> _EXERCISE BRIEF_: Restrict the output to the lines below starting at the one that contains "InWear - ZiggiIW" and ending at the one that contains "Kostenko Brothers", and restate them word for word, both ends included.

> _DATASET RECORDS_:
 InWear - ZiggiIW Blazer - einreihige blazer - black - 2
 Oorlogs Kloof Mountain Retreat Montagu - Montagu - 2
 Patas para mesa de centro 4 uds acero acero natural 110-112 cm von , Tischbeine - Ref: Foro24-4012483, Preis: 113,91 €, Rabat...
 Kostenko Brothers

--

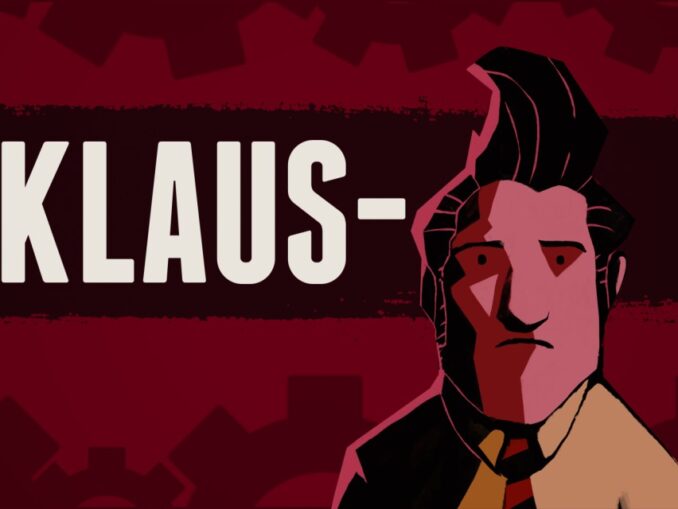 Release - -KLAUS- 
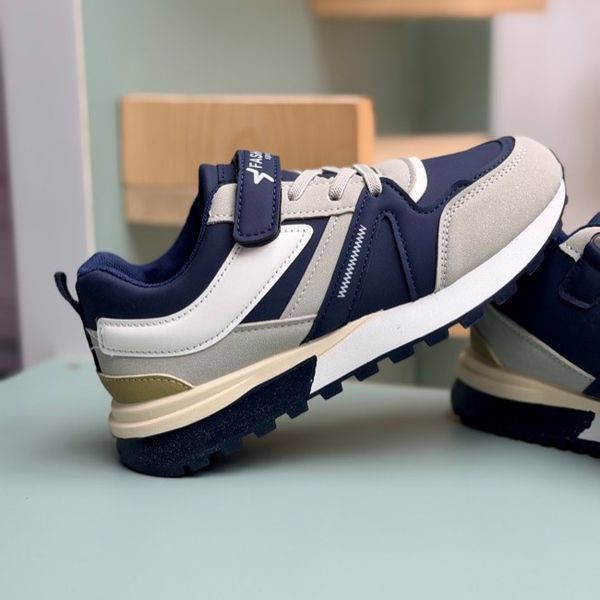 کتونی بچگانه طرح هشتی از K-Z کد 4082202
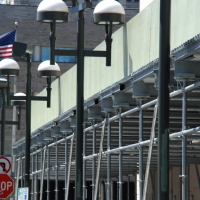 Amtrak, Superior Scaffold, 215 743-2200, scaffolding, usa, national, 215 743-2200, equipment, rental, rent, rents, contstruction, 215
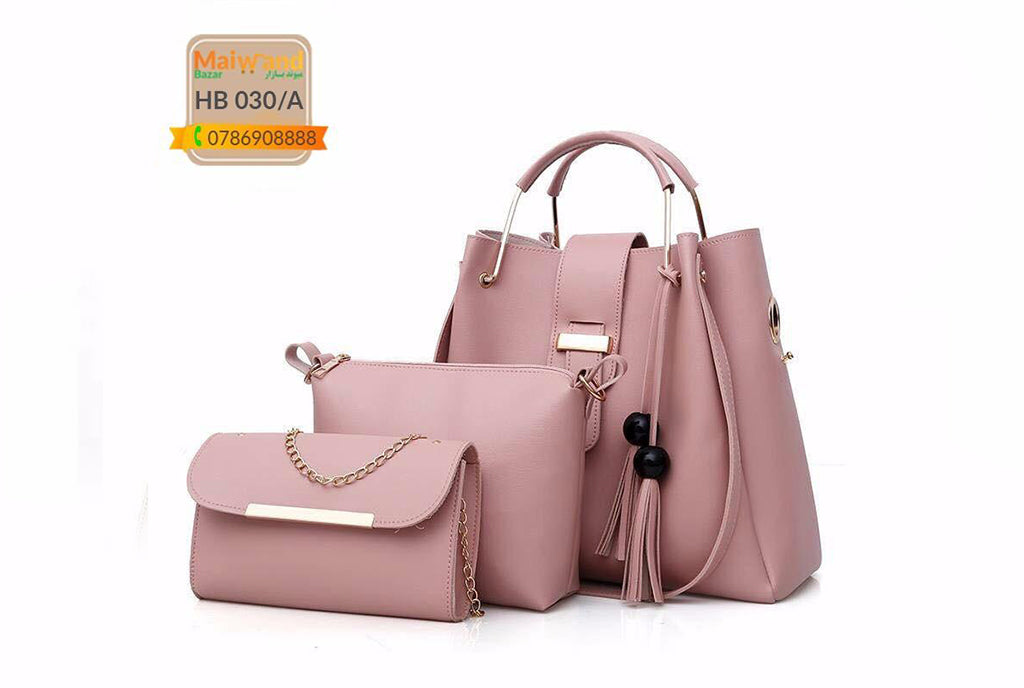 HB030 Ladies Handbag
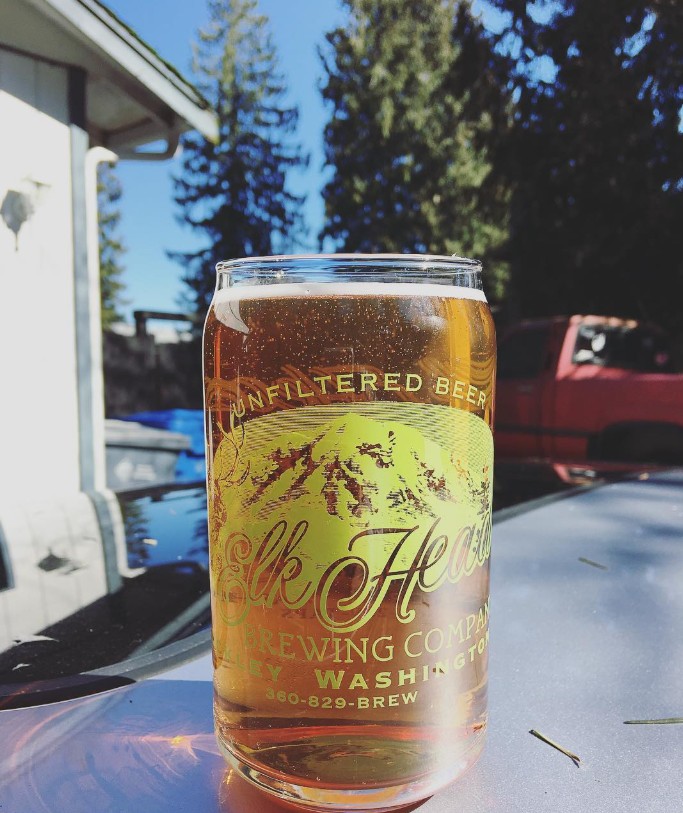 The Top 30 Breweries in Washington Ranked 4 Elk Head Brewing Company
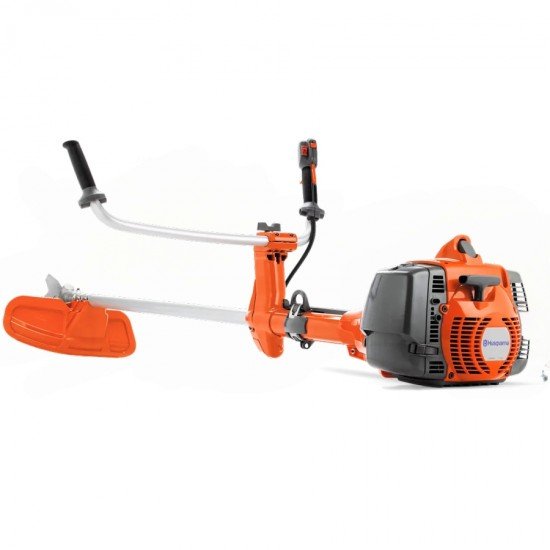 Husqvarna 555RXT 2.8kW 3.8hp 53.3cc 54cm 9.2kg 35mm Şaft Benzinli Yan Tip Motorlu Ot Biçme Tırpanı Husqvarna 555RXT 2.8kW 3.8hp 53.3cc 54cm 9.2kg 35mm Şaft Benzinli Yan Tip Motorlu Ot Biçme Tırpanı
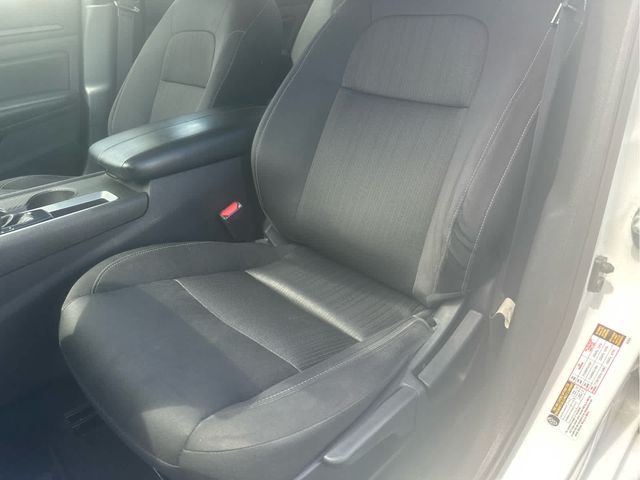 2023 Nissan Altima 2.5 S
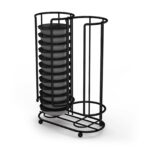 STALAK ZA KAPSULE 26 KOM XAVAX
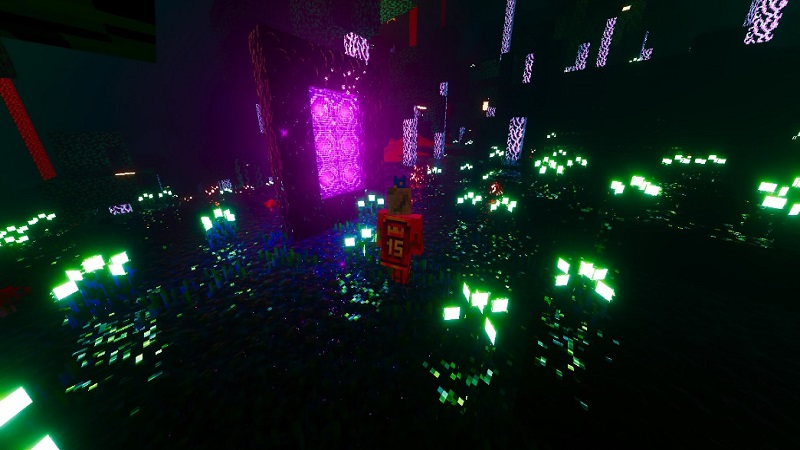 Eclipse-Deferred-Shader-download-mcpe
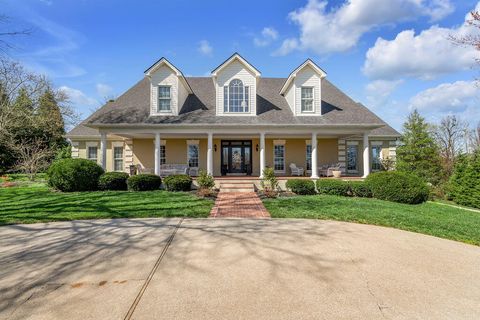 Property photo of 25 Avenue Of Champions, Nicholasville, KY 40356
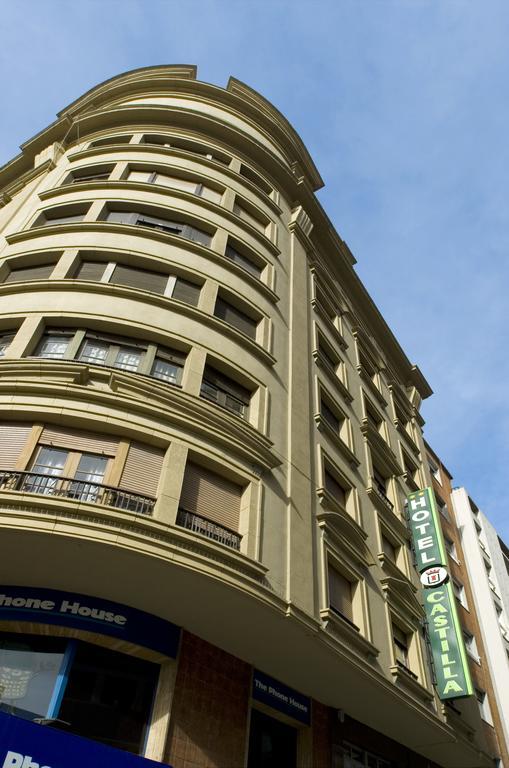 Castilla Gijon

...

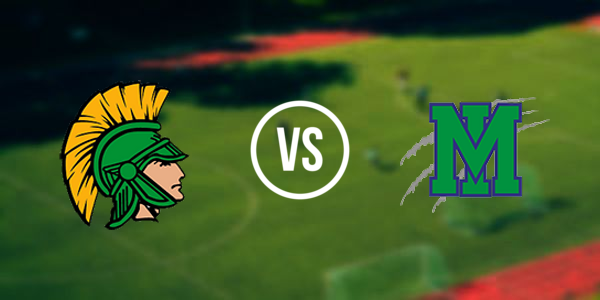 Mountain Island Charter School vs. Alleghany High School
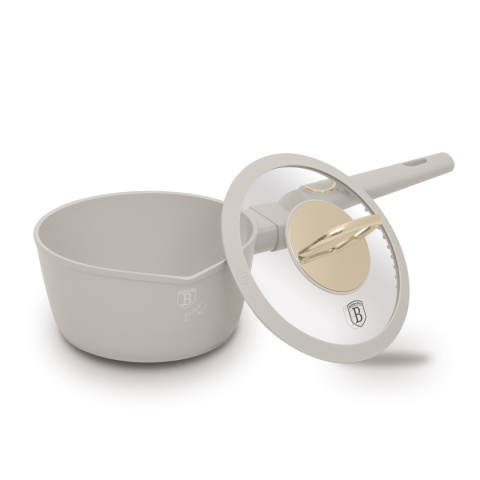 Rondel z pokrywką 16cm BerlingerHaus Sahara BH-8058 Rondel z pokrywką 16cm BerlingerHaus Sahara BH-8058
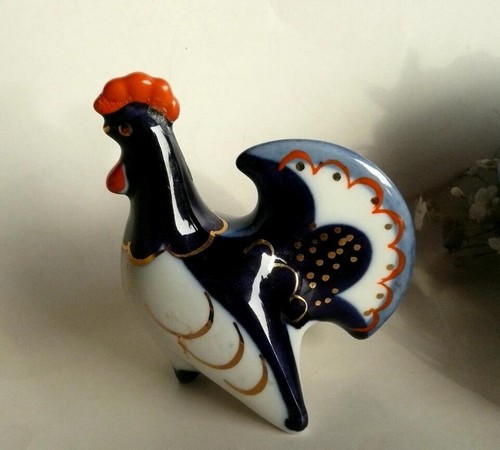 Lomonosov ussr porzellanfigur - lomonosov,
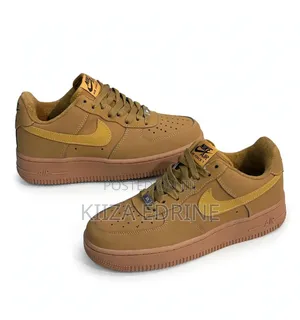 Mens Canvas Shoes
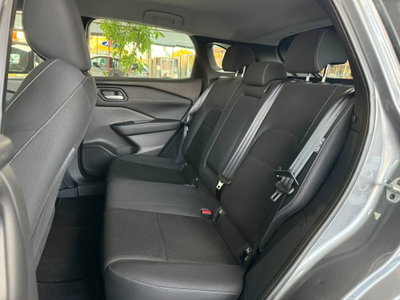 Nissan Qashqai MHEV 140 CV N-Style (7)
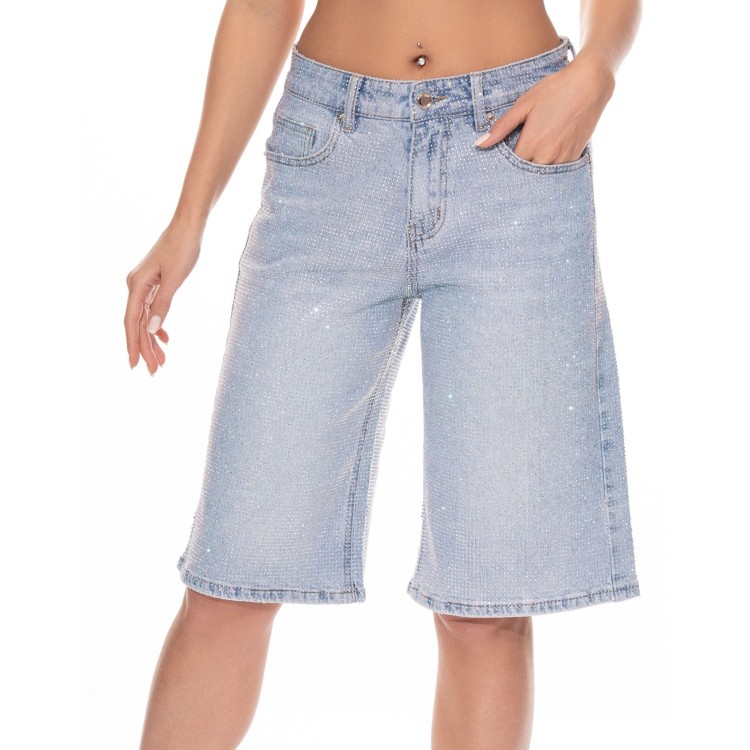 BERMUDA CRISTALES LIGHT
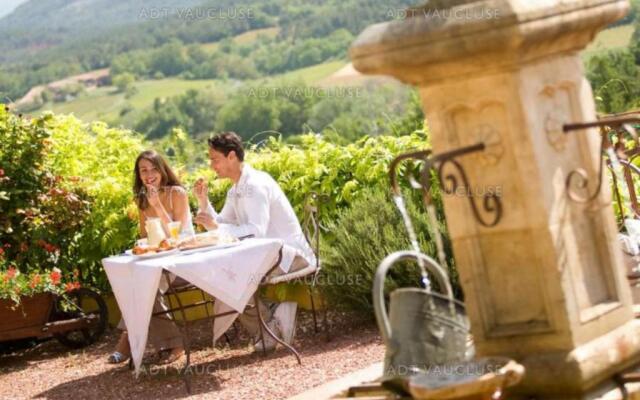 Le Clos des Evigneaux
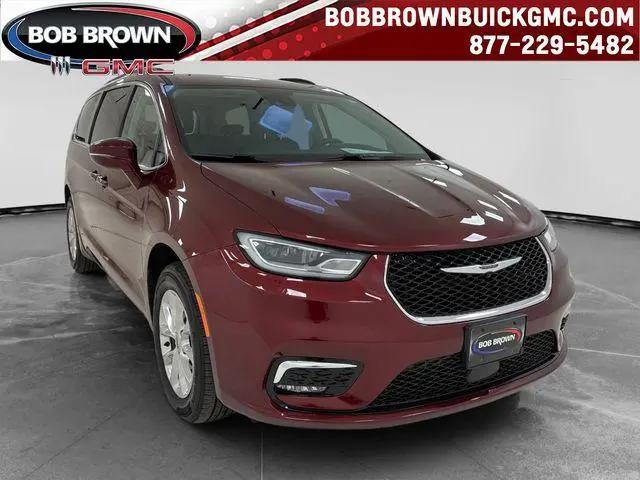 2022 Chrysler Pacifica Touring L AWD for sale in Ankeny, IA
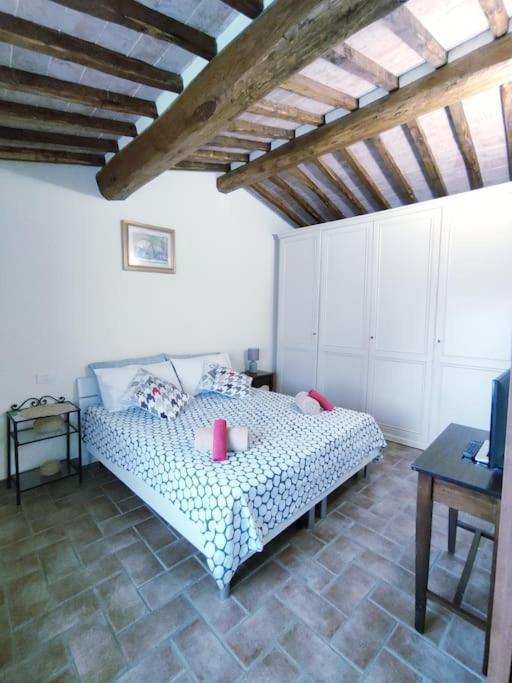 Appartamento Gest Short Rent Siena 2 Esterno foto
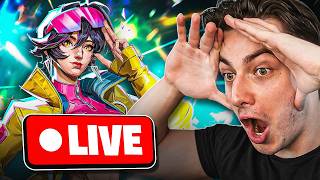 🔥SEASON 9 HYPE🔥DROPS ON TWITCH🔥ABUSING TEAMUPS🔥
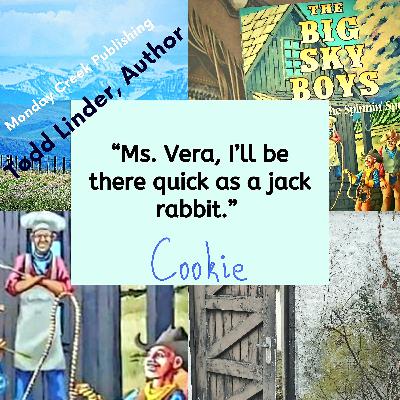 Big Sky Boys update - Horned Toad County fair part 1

> _RESPONSE TO THIS TASK_:
 InWear - ZiggiIW Blazer - einreihige blazer - black - 2
 Oorlogs Kloof Mountain Retreat Montagu - Montagu - 2
 Patas para mesa de centro 4 uds acero acero natural 110-112 cm von , Tischbeine - Ref: Foro24-4012483, Preis: 113,91 €, Rabat...
 Kostenko Brothers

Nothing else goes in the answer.